Step 2: Build a Parser Using ANTLR

  • ANTLR Setup: Install ANTLR and set up the development environment.
  • Grammar File Creation: Write the ANTLR grammar file (.g4) based on the defined syntax.
  • Parser Generation: Use ANTLR to generate the parser and lexer from the grammar file.
  • Parse Tree Construction: Implement code to construct the parse tree from MiniJava source code.

Step 3: Create a Semantic Analyzer

  • Symbol Table Management: Implement a symbol table to store variable and method information.
  • Type Checking: Develop functions to perform type checking during the traversal of the parse tree.
  • Scope Resolution: Ensure correct scoping rules for variables and methods.

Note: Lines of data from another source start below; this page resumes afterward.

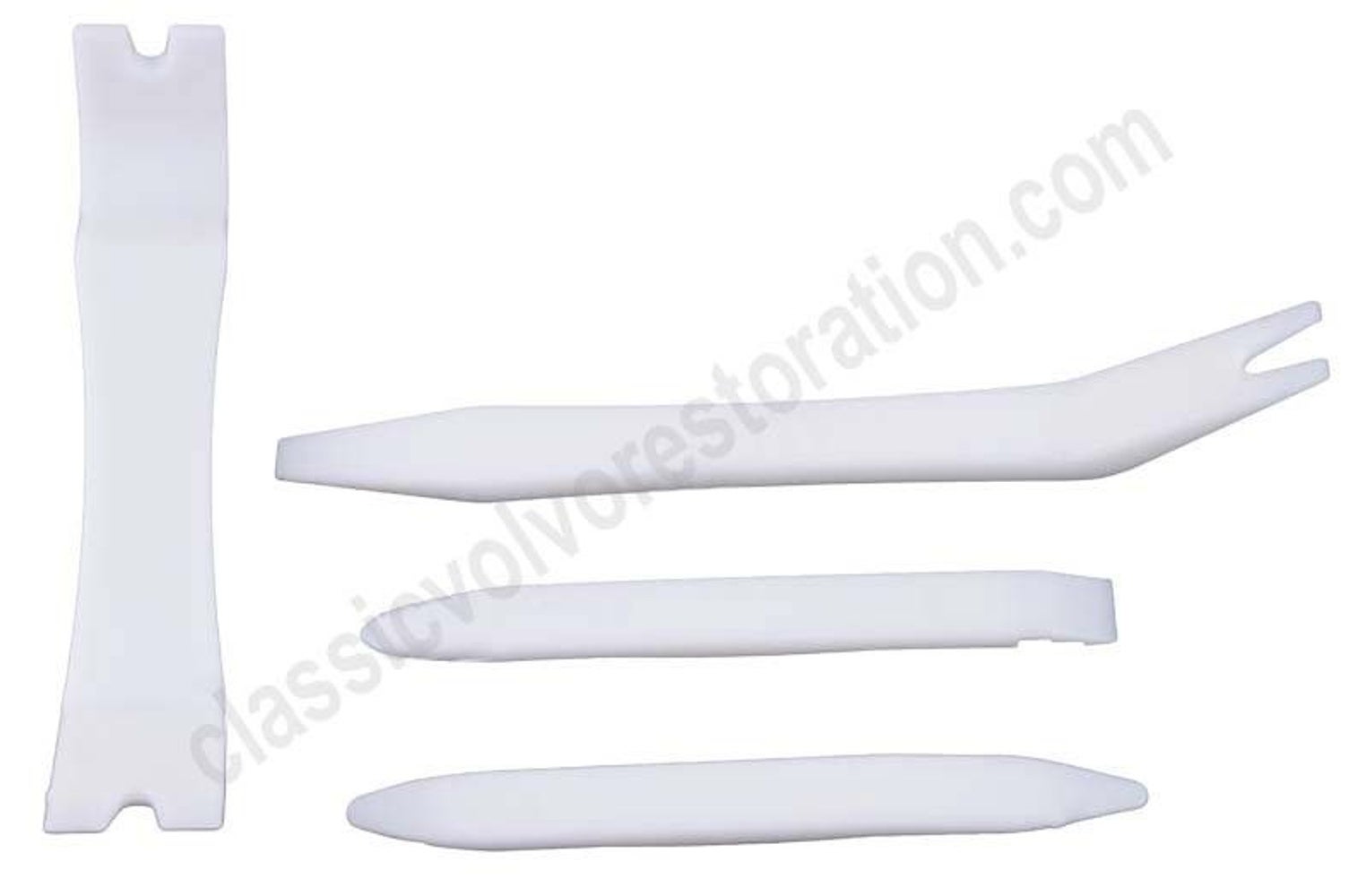 Interior tool set 4 pieces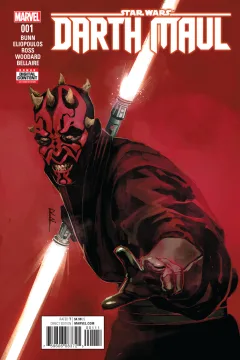 Star Wars: Darth Maul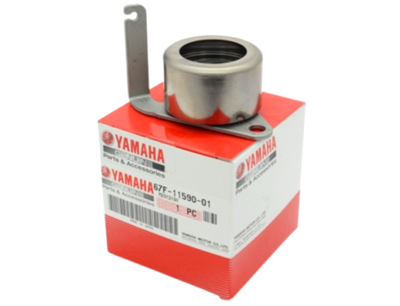 Order YAHAMA 67F-11590-01-00 Timing Belt Tensioner - F80B F115A - Outboard -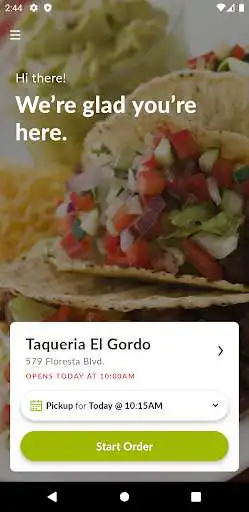 Play Taqueria El Gordo as an online game Taqueria El Gordo with UptoPlay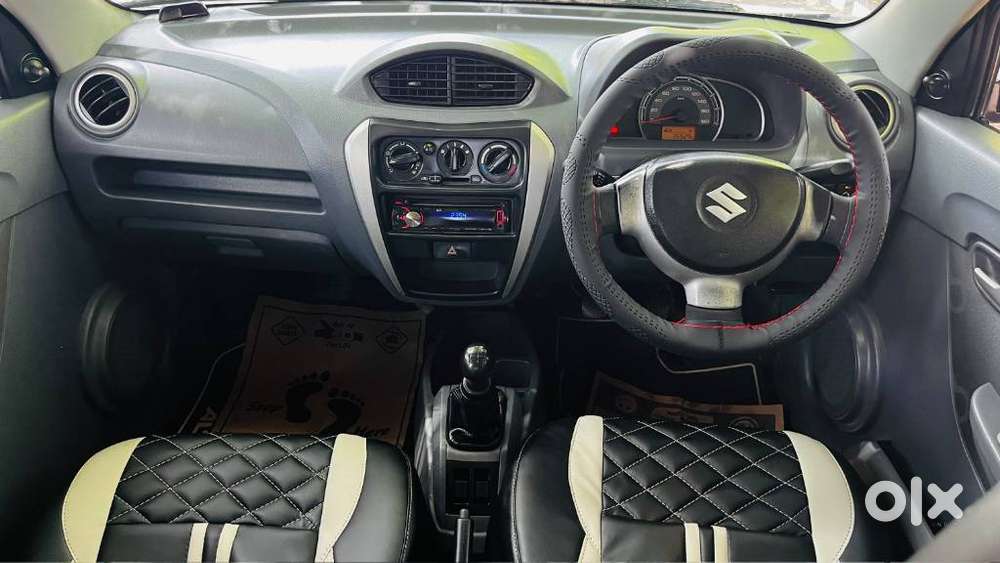 Maruti Suzuki Alto 800 Lxi, 2014, Cng & Hybrids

Step 4: Generate Three-Address Code

  • Intermediate Representation Design: Define the structure of TAC, which typically consists of instructions in the form OP dst, src1, src2 ( or dst = scr1 OP scr2 ; in the C language).
  • Code Generation Algorithm:
  • Traverse the parse tree.
  • Generate TAC instructions based on the constructs encountered (e.g., assignments, arithmetic operations, method calls). Implement a visitor or listener to traverse the parse tree and generate TAC.
  • Maintain temporary variables for intermediate results.
  • Output Format: Implement functionality to output the generated TAC in C language format (e.g., dst = scr1 OP scr2 ;).

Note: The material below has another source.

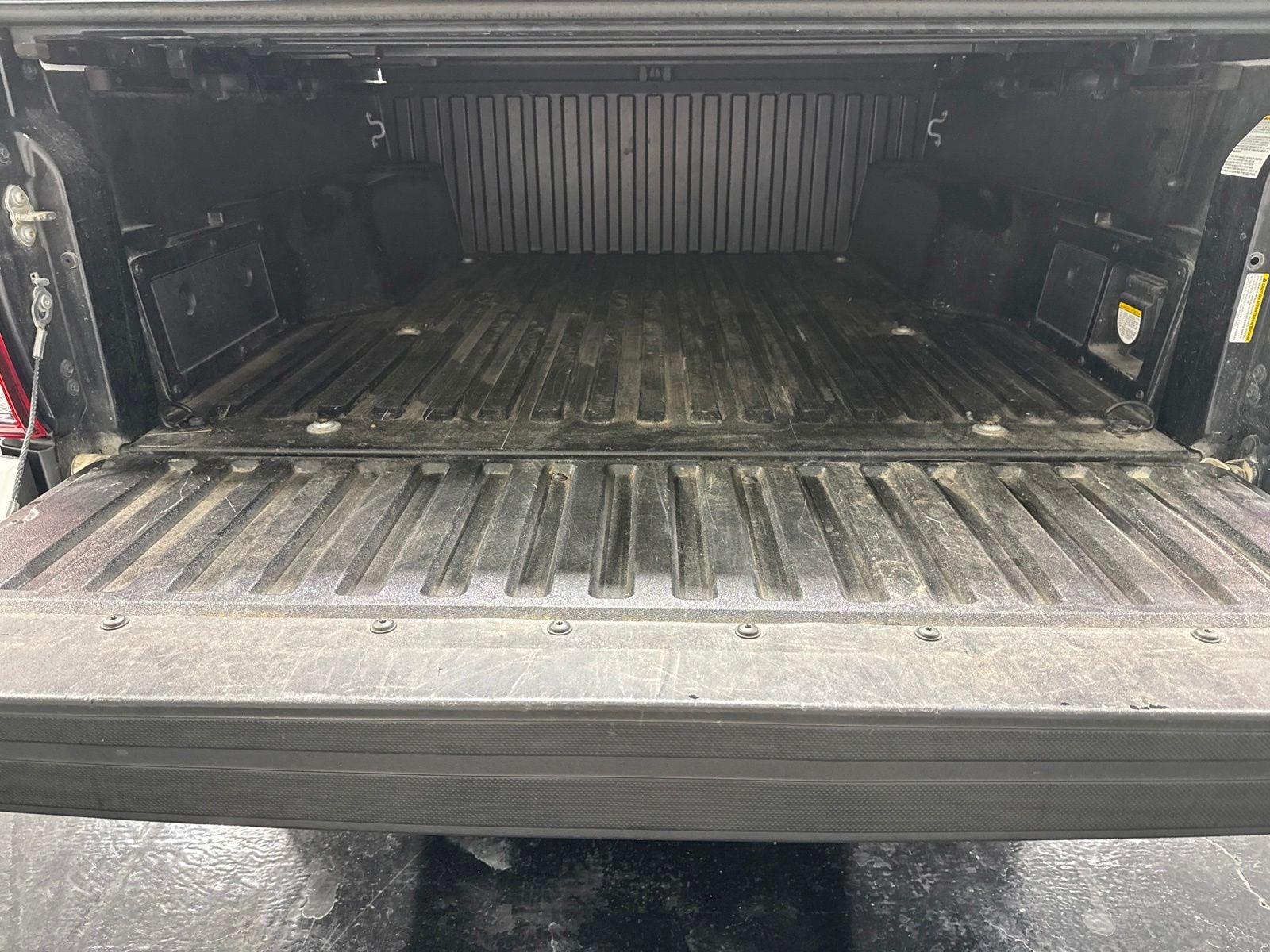 2018 Toyota Tacoma TRD Sport V6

Step 5: Testing and Validation

  • Test Cases Creation: Develop a suite of MiniJava programs that cover various features of the language (see also: MiniJava example programs.
  • Validation Process: Execute the generated TAC using a C compiler to verify correctness.
  • (Optional) Performance Evaluation: Assess the efficiency of the generated code and optimize if necessary.

Deliverables

  1. ANTLR Grammar File: The .g4 file defining the MiniJava syntax.
  2. Parser Implementation: Code for the parser and lexer generated by ANTLR.
  3. Semantic Analyzer Code: Implementation of type checking and scope resolution.
  4. TAC Generation Module: Code that translates the parse tree into Three-Address Code in C.
  5. Documentation: A comprehensive report detailing the design decisions, implementation steps, and testing results.

Timeline

Week Task
1 Define MiniJava language syntax and semantics
2 Set up ANTLR and create grammar file
3 Generate parser and lexer; construct parse tree
4 Implement semantic analysis
5 Develop TAC generation module
6 Testing and validation of generated code
7 Finalize documentation and prepare presentation

Teamwork

Read more at Teamwork Policy page.

Conclusion

This project aims to provide a comprehensive understanding of compiler design principles by implementing a complete pipeline from parsing to intermediate code generation. By focusing on MiniJava and utilizing ANTLR, students will gain hands-on experience with modern tools and techniques in compiler construction.

The project will provide hands-on experience in compiler design, specifically in parsing and intermediate code generation. By the end of the project, students will have a functional compiler that translates MiniJava code into three-address code in C, demonstrating their understanding of compiler construction principles.

The successful completion of this project will not only enhance theoretical knowledge but also practical skills in programming languages and compilers.